Şimdi, eğitim, sadece iş sahibi olabilmek ve masa başında oturulabilecek olma düşüncesinden ötede değildir. Meslek liselerindeki, eğitim alan personelin, turizm de işe katkısı ve devamlılığı daha fazladır. Ancak, yeter artık. Başka konularda insan eğitmek gerekiyor. Bu gün artık, geliri fazla olmayan turizm üzerine daha az, geliri daha yüksek olabilecek, yabancı dil, sanayi ve teknoloji üzerine daha çok meslek eğitimleri vermek gerekiyor. Turizm gelirlerinin 365 gün olması, sezon bitiminde, kalifiye veya normal çalışan personelin işsiz kalmamsı gerekmektedir.
Stajer konusu bu kısır döngü içerisinde tam bir içler acısıdır.
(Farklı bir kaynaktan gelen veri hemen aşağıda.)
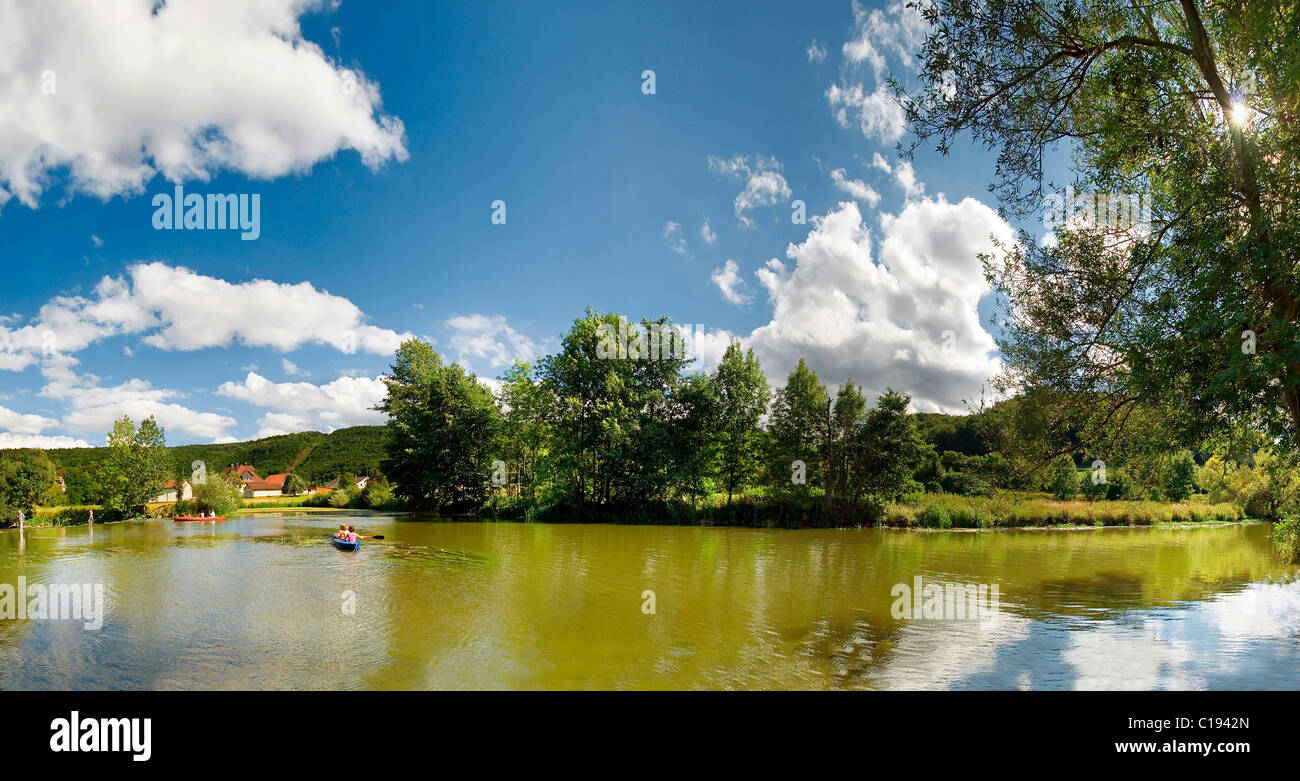 Photo de paysage près de la rivière l'Altmuehl Hammermuehle ou broyeur à marteau près de Solnhofen dans le Parc Naturel Altmuehltal Banque D'Images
Gömleği fırlamış, ayakkabısı patlamış, makyajı akmış, yarı eğik, saat ve gün kavramı olmadan çalıştırılan(sömürülen) çok eleman gördüm.
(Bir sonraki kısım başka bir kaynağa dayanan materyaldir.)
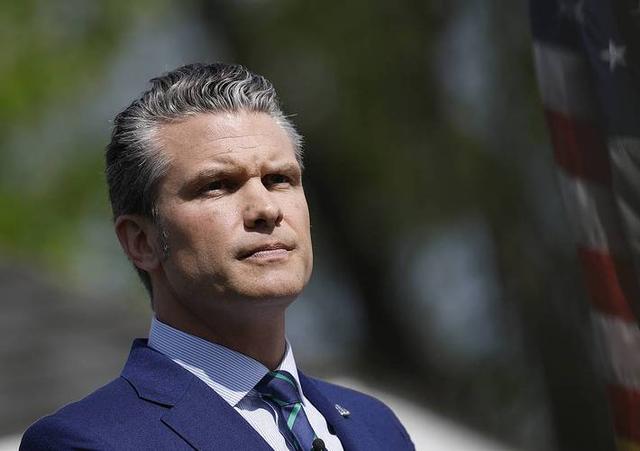 特朗普已连炸7国	，美防长逼中国往后退，102架次美军机分批进南海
Konu seçimin çok güzel, tekrar belitmeliyim. Ancak derin yaraları olan bir konudur. Sayfalarca yazı yazılabilir.
Sevgilerimle.
-
Sevgili Mülayim,
Bu güzel yazı için teşekkürler, elinize sağlık.
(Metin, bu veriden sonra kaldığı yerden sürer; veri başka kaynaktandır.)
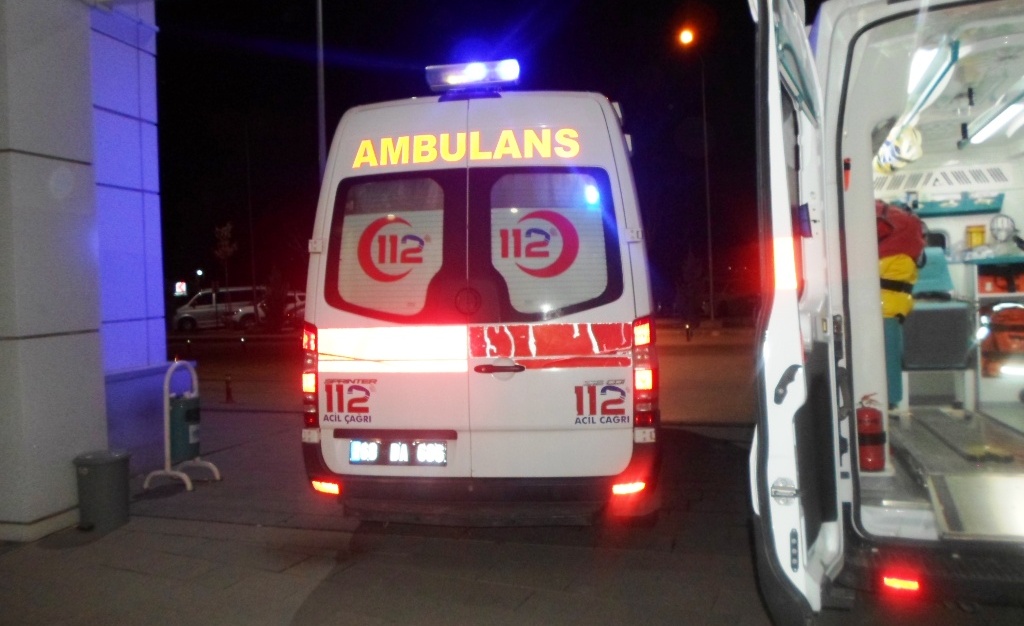 Aksaray’da feci kaza sürücü anne öldü 2 kızı yaralı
Konu otelcilikse, kişi okullu da olsa ( ben öyleyim ) işiyle ilgili alacağı esas eğitim tatbiki eğitimdir. Maalesef stajyerlerle ilgili sigorta primlerinin okullar tarafından ödenecek olması, turizm okullarının mecburi staj sürelerini kısaltmasına sebebiyet vermiştir. İşveren açısından stajyer çalıştırmanın cazibesinin azalması bence okulluların önümüzdeki dönemler için tatbiki eğitim şansını azaltmaktadır. Stajyerliğin ve stajyerlerin suistimali ise başlıbaşına bir konu bence çok ciddi ele alınması gerekir. Yine de mevcut öğrencilerin, staj yapmalarının kolaylaştırılması, stajın eğiticiliği ve stajyerin haklarının korunması ya da olası suistimallerin önüne geçilmesi için de aktif çaba gerektiğine inanıyorum. Yetişmekte olan geleceğin otelcileri için bir vadede farkına varacağımız bir handikap doğurduğuna inanıyorum.
-
Alaylı başlayıp meslek hayatını Okullu sürdürenlerinde dertlerine değinelim lütfen Mehmet bey, aramızda böyle bir kesimde var : )
-
MEHMET BEY,
Çok güzel bir yazı olmuş gerçekten.
Hatta turizmin kanayan yarasını dile getirmişsiniz.Ne yazık ki eğitim konusunda hala sıkıntılar yaşamaktayız.AlaylıOkullu,OkulluAlaylıyı hala bırakamadık. Oysaki birbirine kenetlenmesi gerekirken hala bazı kesimler kabullenemiyor.Bir taraf teorideki bilgileri pratiğe dökmeli,diğer tarafta işin teknik tarafını (ekonomik,ergonomik,bilimsel kısmını)almalı.Bu şekilde her iki tarafta keni adlarına ve işletme adına yararlı olabilmelidir.
Güçlü bir turizm ,her iki tarafında birbirini kabullenmesi ve birbirine bu konuda destek vermesi ile daha da yükselecektir.
Geniş bir vizyona bakış açısı eğitimden geçer.